▶ [Your goal] Without the pictures, output all of the data exactly.

▶ [Supplied information]
☆ ☆ ☆ ☆
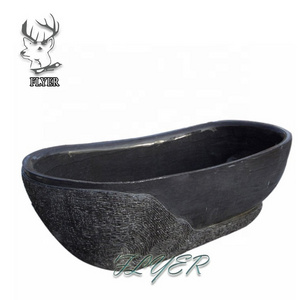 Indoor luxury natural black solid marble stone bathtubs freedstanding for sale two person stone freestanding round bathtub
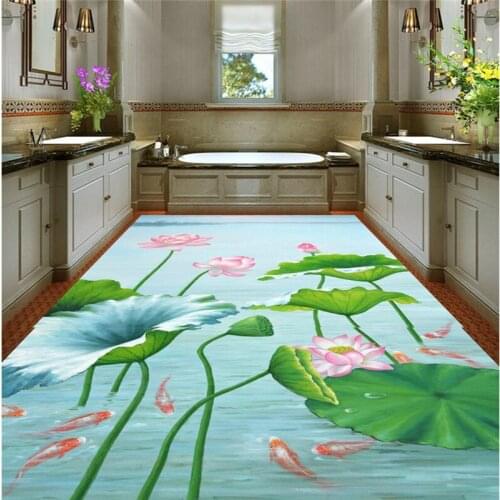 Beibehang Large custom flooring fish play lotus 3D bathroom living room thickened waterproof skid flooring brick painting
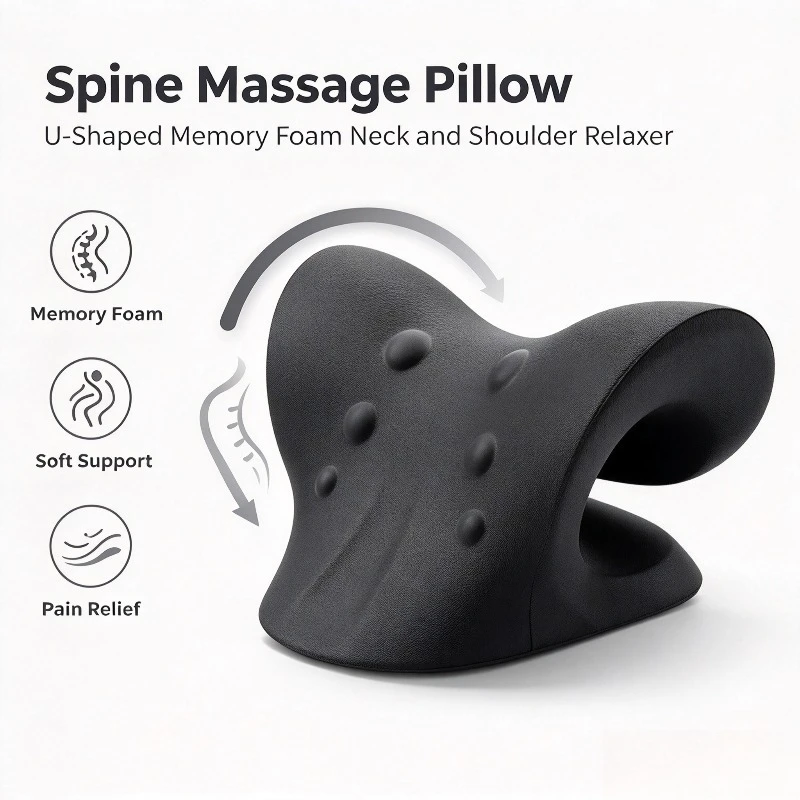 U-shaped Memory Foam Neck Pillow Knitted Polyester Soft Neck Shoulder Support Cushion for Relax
☆ ☆ ☆ ☆
▶ [Task result]
 Indoor luxury natural black solid marble stone bathtubs freedstanding for sale two person stone freestanding round bathtub
 Beibehang Large custom flooring fish play lotus 3D bathroom living room thickened waterproof skid flooring brick painting
 U-shaped Memory Foam Neck Pillow Knitted Polyester Soft Neck Shoulder Support Cushion for Relax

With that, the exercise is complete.